Nvidia Launches Cosmos 3: Open-Source AI Model Trained on 20 Trillion Tokens Targets Robotics and Physical AI
Summary
Nvidia unveils Cosmos 3 at GTC Taipei, a fully open-source omnimodal AI model trained on 20 trillion tokens, 1 billion images, and 400 million videos, designed to advance robotics and physical AI through a new mixture-of-transformers architecture capable of reasoning and generating across text, video, images, sound, and action.
Key Points
- Nvidia unveils Cosmos 3 at GTC Taipei, a fully open-source omnimodal world foundation model capable of reasoning and generating across text, video, images, sound, and action, trained on a massive dataset of 20 trillion tokens, 1 billion images, and 400 million videos.
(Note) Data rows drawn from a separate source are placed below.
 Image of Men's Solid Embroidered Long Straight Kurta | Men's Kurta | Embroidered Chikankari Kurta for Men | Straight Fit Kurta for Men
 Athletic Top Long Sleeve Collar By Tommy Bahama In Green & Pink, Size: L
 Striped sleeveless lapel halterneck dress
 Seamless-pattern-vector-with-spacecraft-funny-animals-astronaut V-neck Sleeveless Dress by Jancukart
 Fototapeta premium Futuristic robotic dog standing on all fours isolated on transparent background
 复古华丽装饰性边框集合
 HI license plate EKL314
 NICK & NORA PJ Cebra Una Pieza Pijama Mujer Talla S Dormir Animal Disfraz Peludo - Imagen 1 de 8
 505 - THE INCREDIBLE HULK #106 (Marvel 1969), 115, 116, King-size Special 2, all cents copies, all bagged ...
- Cosmos 3 introduces a new 'mixture-of-transformers' architecture that combines reasoning and generation capabilities, enabling it to understand object interactions, motion, and spatiotemporal relationships, and comes in multiple sizes including Super, Nano, and the upcoming Edge variant for real-time inference.
- While Cosmos 3 does not yet fully solve the generalization challenge in physical AI, Nvidia's open-source approach strategically fuels the broader robotics ecosystem while simultaneously driving demand for its own compute hardware and enabling further hardware co-design innovation.